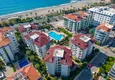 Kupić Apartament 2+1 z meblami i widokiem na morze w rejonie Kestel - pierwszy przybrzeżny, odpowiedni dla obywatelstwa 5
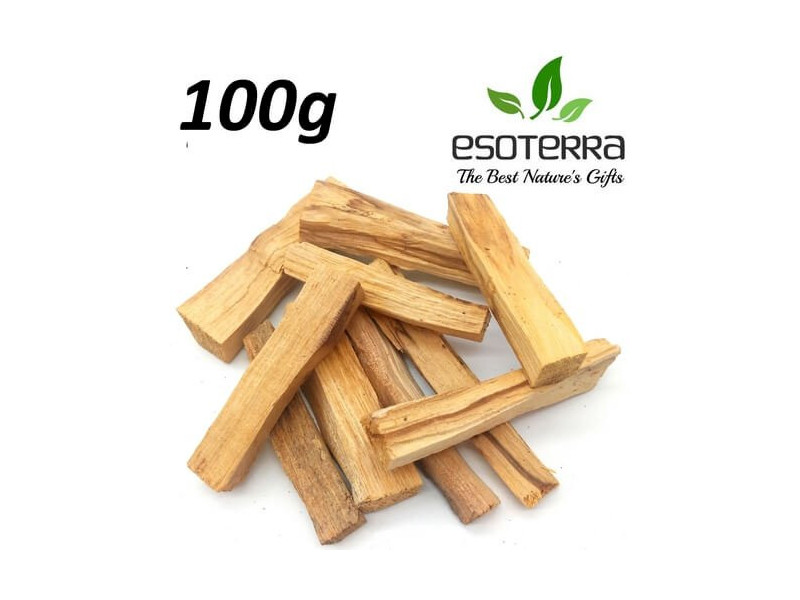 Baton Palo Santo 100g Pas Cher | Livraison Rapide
--
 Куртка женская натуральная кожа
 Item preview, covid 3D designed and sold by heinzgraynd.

▸ Problem
Working from the data above, extract solely the lines from the one containing "Куртка женская натуральная кожа" through the one containing "Item preview, covid", exactly as they appear, both included.

▸ Written answer
 Куртка женская натуральная кожа
 Item preview, covid 3D designed and sold by heinzgraynd.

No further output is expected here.